Functional: Before resorting to mostly more cost-intensive compensation options in this regard, one should first try to correct the difference through targeted stretching of the shortened tendons, ligaments, fasciae or muscles under the guidance of a trained physiotherapist. (See suitable exercises under point 7)
- In general, targeted stretching of various muscles can often alleviate the symptoms. (See suitable exercises under point 7)
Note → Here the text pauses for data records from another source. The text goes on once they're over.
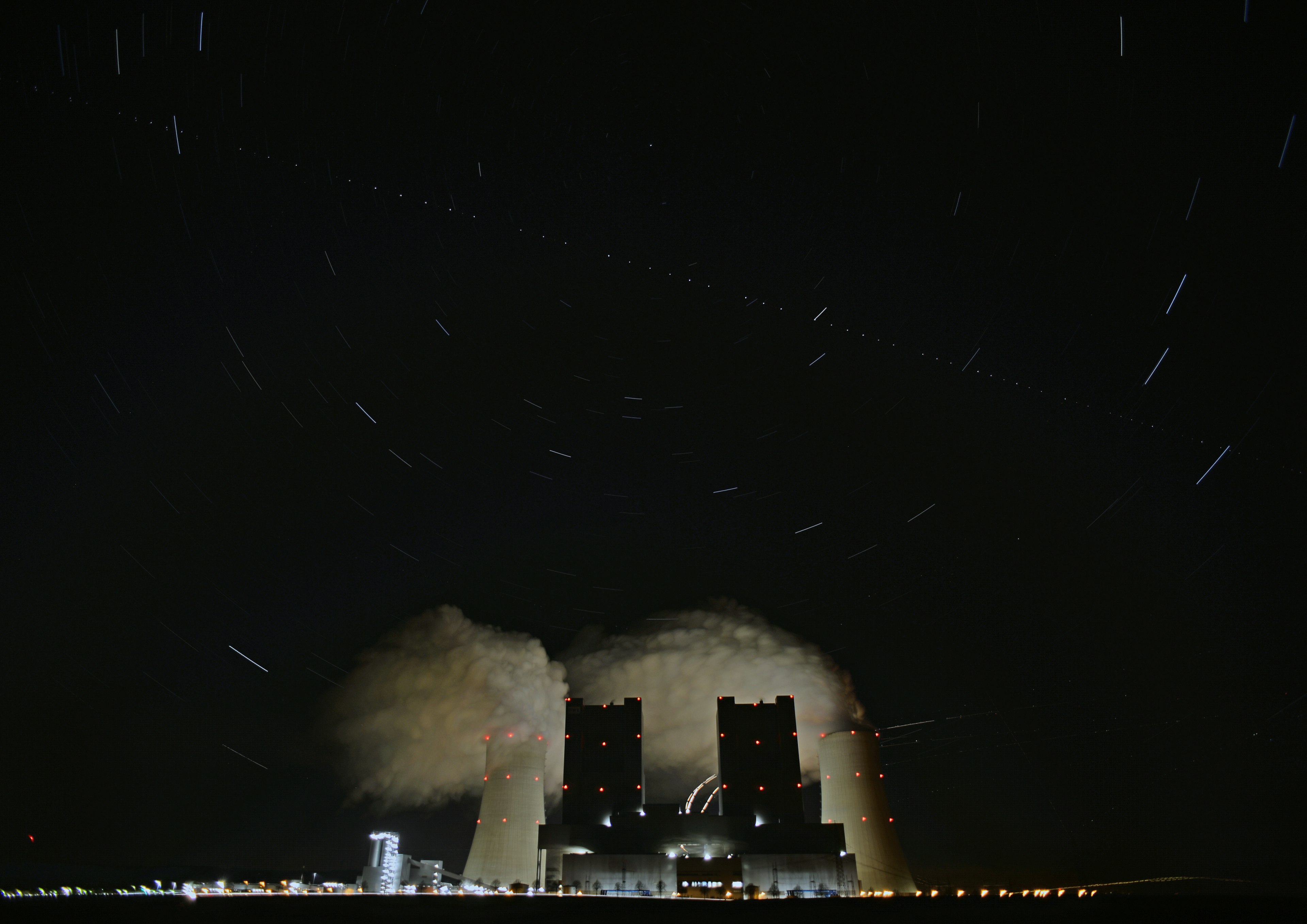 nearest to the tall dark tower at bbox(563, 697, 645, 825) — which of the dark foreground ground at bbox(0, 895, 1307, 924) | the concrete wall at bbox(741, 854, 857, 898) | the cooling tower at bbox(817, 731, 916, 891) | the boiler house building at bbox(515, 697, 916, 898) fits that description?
the boiler house building at bbox(515, 697, 916, 898)

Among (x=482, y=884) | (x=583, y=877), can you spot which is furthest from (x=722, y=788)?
(x=482, y=884)

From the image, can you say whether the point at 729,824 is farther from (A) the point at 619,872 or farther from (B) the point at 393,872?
(B) the point at 393,872

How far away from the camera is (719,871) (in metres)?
60.1

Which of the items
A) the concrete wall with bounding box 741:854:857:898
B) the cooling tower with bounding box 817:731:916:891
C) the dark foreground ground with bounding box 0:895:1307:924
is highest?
the cooling tower with bounding box 817:731:916:891

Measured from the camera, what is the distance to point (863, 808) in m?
65.2

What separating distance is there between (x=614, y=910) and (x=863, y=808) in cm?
2997

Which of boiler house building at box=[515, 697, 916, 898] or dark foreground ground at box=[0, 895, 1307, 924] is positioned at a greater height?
boiler house building at box=[515, 697, 916, 898]

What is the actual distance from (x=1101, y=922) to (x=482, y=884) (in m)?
45.9

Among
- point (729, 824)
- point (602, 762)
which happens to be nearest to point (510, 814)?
point (602, 762)

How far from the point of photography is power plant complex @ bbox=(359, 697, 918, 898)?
60000mm

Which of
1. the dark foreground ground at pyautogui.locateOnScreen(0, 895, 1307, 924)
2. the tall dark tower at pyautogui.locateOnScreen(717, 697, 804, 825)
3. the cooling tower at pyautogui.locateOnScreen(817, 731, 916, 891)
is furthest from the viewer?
the tall dark tower at pyautogui.locateOnScreen(717, 697, 804, 825)

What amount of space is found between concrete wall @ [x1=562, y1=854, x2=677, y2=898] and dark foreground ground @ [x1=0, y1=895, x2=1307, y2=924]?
700cm

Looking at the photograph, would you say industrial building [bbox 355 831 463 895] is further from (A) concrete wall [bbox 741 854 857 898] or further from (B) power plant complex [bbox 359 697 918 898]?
(A) concrete wall [bbox 741 854 857 898]

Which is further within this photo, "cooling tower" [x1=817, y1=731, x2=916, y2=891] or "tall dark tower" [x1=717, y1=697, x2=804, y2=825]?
"tall dark tower" [x1=717, y1=697, x2=804, y2=825]
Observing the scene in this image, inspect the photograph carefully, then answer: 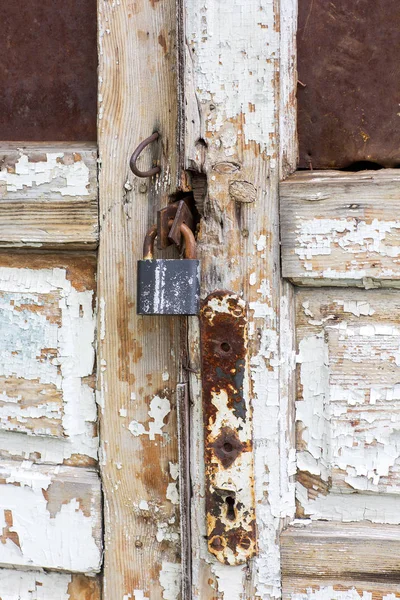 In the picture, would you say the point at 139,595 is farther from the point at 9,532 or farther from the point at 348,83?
the point at 348,83

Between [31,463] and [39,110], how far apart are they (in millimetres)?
521

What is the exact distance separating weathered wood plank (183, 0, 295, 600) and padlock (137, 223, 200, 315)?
2.7 inches

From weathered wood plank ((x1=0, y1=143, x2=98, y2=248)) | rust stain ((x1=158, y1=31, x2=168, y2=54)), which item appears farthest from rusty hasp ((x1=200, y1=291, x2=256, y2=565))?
rust stain ((x1=158, y1=31, x2=168, y2=54))

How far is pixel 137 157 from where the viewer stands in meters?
0.84

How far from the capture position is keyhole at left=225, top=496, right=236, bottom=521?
33.1 inches

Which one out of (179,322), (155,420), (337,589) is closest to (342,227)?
(179,322)

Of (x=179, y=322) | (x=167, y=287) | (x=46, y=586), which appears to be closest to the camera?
(x=167, y=287)

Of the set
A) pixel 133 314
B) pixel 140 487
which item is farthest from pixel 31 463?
pixel 133 314

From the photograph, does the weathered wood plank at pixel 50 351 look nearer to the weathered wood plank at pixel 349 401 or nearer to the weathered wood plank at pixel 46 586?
the weathered wood plank at pixel 46 586

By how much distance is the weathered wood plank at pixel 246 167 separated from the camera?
2.66ft

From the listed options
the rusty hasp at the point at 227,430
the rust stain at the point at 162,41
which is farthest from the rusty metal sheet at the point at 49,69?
the rusty hasp at the point at 227,430

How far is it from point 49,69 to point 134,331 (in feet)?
1.33

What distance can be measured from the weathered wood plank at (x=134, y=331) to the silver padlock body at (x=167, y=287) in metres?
0.11

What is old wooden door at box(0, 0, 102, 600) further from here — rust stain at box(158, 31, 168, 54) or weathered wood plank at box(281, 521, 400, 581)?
weathered wood plank at box(281, 521, 400, 581)
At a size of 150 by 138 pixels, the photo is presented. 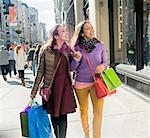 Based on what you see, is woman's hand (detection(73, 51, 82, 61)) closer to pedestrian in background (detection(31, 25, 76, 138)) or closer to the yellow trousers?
pedestrian in background (detection(31, 25, 76, 138))

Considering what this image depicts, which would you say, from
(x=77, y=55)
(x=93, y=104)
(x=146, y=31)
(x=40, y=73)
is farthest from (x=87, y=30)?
(x=146, y=31)

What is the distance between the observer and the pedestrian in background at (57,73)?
4227mm

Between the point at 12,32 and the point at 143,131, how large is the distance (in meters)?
115

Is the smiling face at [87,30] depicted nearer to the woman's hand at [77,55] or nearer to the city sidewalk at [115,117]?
the woman's hand at [77,55]

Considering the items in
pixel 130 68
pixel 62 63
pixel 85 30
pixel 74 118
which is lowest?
pixel 74 118

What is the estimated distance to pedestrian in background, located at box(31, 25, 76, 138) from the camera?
4.23 metres

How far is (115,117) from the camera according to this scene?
649 centimetres

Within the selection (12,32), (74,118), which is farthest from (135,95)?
(12,32)

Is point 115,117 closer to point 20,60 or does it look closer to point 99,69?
point 99,69

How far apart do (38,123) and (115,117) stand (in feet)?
8.57

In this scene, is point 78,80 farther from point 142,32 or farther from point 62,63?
point 142,32

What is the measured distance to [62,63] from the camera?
4.25 m

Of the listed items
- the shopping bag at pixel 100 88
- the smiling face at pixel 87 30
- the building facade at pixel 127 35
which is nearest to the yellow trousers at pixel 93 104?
the shopping bag at pixel 100 88

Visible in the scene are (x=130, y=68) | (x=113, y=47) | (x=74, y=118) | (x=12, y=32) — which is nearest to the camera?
(x=74, y=118) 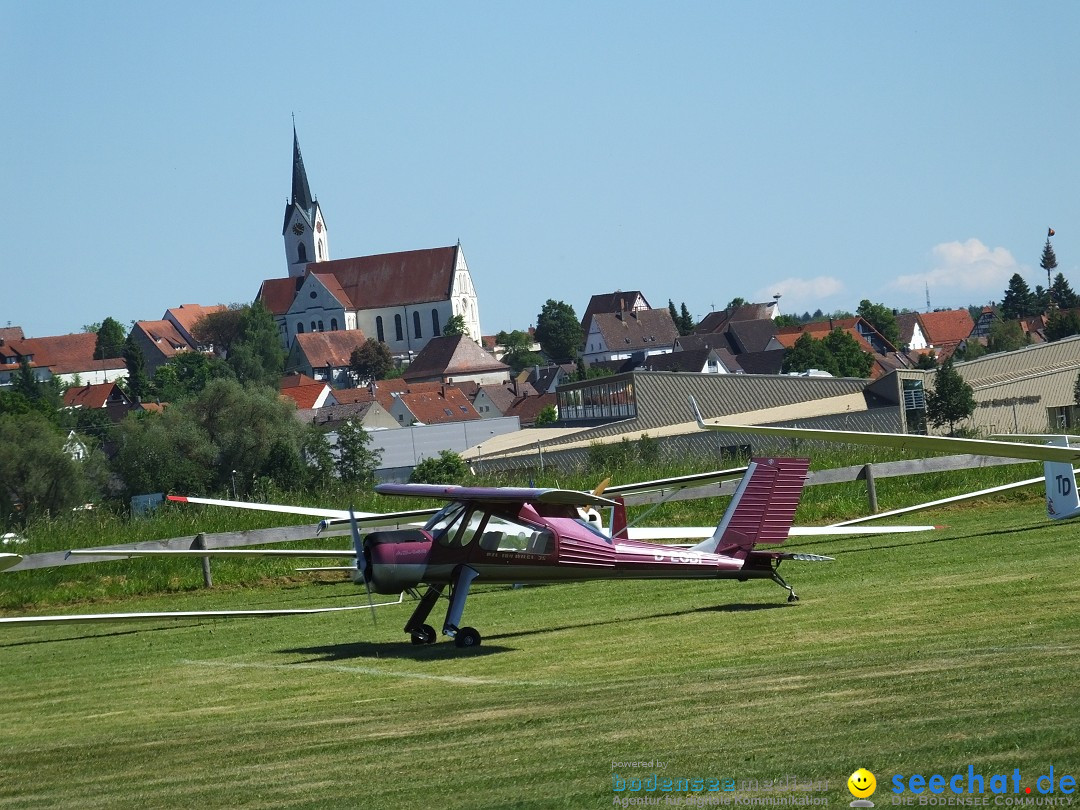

- Movement always involves the interaction of complex muscular structures (antagonist principle), consisting of agonists, synergists and antagonists. A disturbed balance of forces can lead to complaints, so that in individual cases a strengthening of individual muscle groups is indicated as therapy. (See suitable exercises under point 7)
- If conservative treatment remains unsuccessful, surgery is a last possible option. In a surgical procedure, the tractus iliotibialis is lengthened by means of a z-shaped incision and thus relieved.